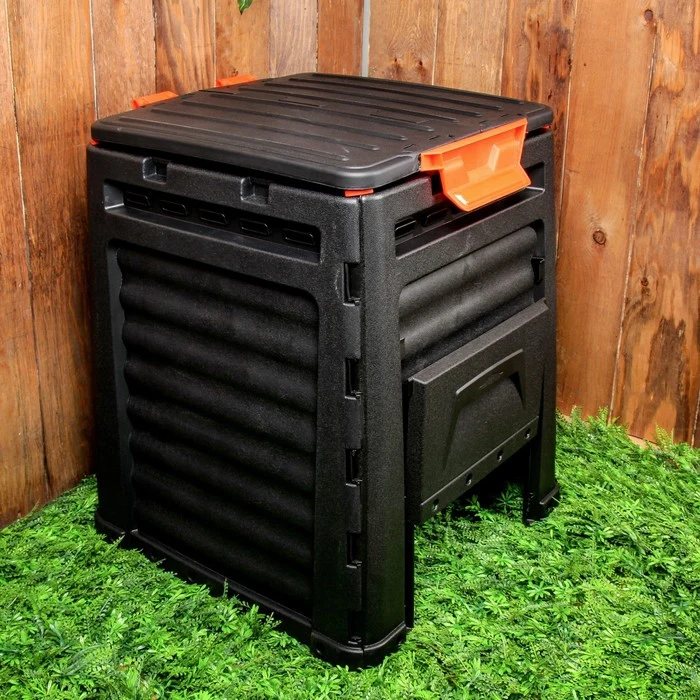 Компостер пластиковый 320 л с крышкой 65 × 75 см черный |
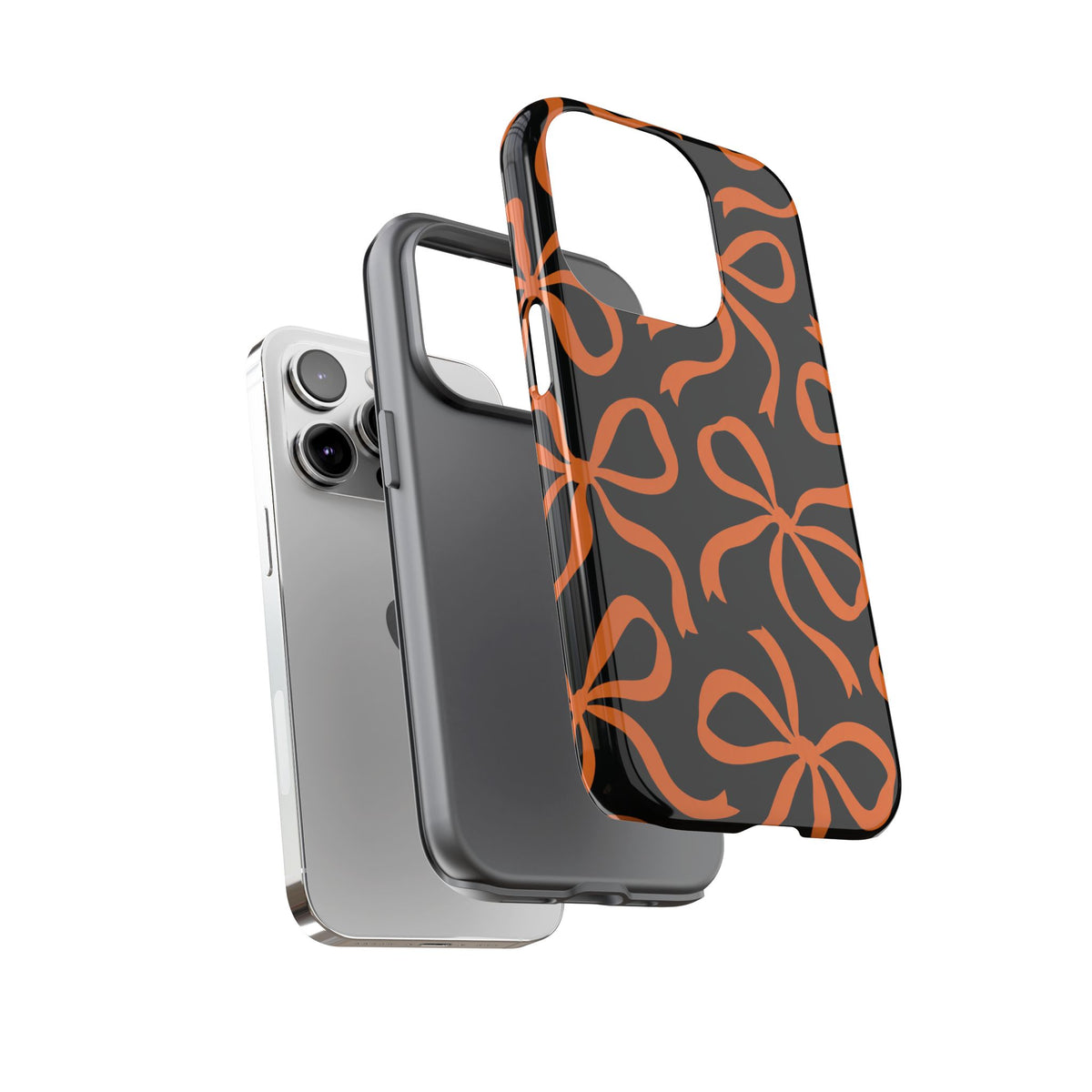 Bold Black and Burnt Orange Bow Pattern Phone Case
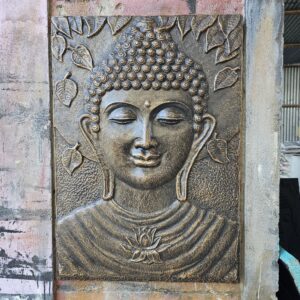 Buddha Mare, Cadru din Ciment Fibroros, Relief din Aur Antic - 0,7x1m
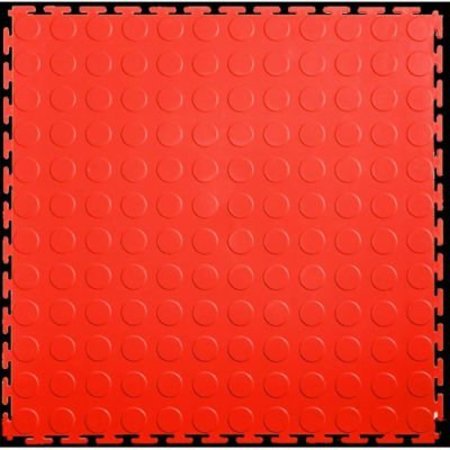 LOCK-TILE Lock-TileÂ PVC Floor Tiles, , 19.5x19.5", Coin, Red LK006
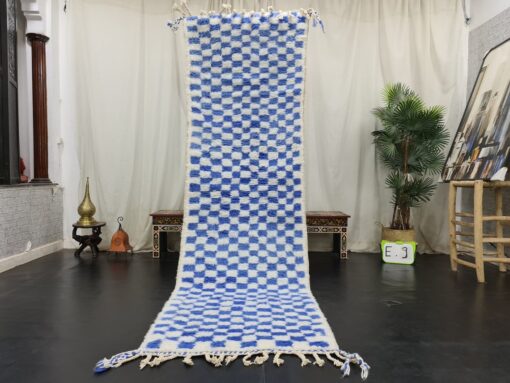 Blue and White Runner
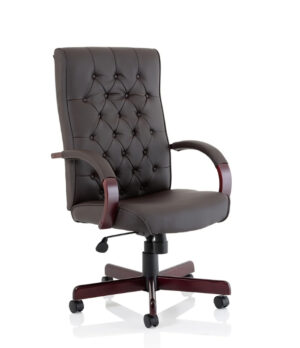 adjacent view of chesterfield executive office chair on workplace design uk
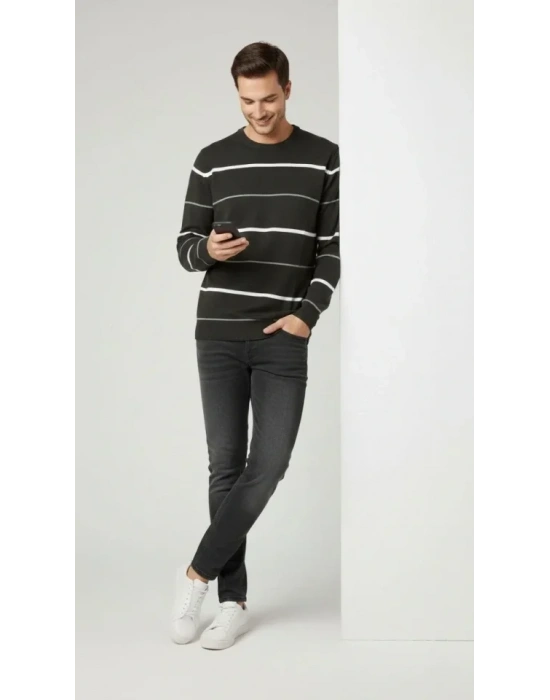 Erkek Bisiklet Yaka Cizgili Triko Kazak Yumuşak Dokulu Pamuklu Ince Dokuma, Uzun Kollu Rahat Regular Kalıp  Füme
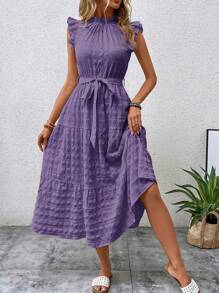 SHEIN LUNE Women's Stand Collar Cap Sleeve Dress With Frill Edging,Lavender Dress - Purple - View 6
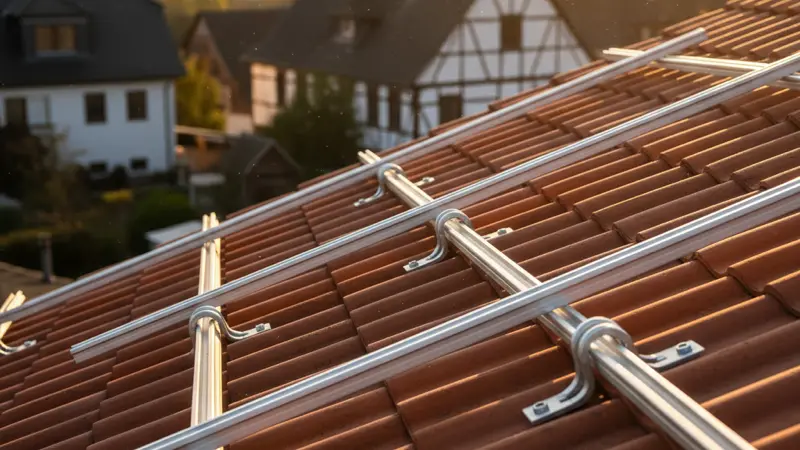 Nahaufnahme eines Aufdach-Montagesystems mit Aluminiumschienen auf Ziegeldach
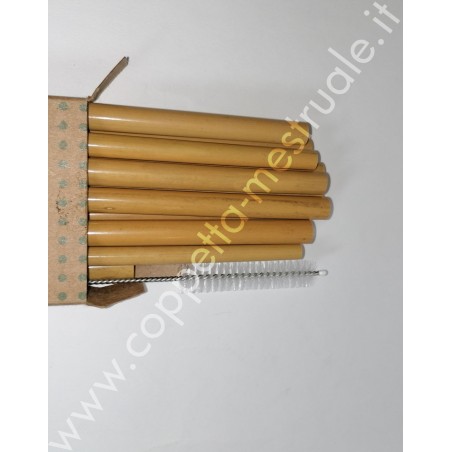 12 Bamboo straws and brush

Task brief: For every entry, return its exact wording and leave out any image.

Exercise output:
 Компостер пластиковый 320 л с крышкой 65 × 75 см черный |
 Bold Black and Burnt Orange Bow Pattern Phone Case
 Buddha Mare, Cadru din Ciment Fibroros, Relief din Aur Antic - 0,7x1m
 LOCK-TILE Lock-TileÂ PVC Floor Tiles, , 19.5x19.5", Coin, Red LK006
 Blue and White Runner
 adjacent view of chesterfield executive office chair on workplace design uk
 Erkek Bisiklet Yaka Cizgili Triko Kazak Yumuşak Dokulu Pamuklu Ince Dokuma, Uzun Kollu Rahat Regular Kalıp  Füme
 SHEIN LUNE Women's Stand Collar Cap Sleeve Dress With Frill Edging,Lavender Dress - Purple - View 6
 Nahaufnahme eines Aufdach-Montagesystems mit Aluminiumschienen auf Ziegeldach
 12 Bamboo straws and brush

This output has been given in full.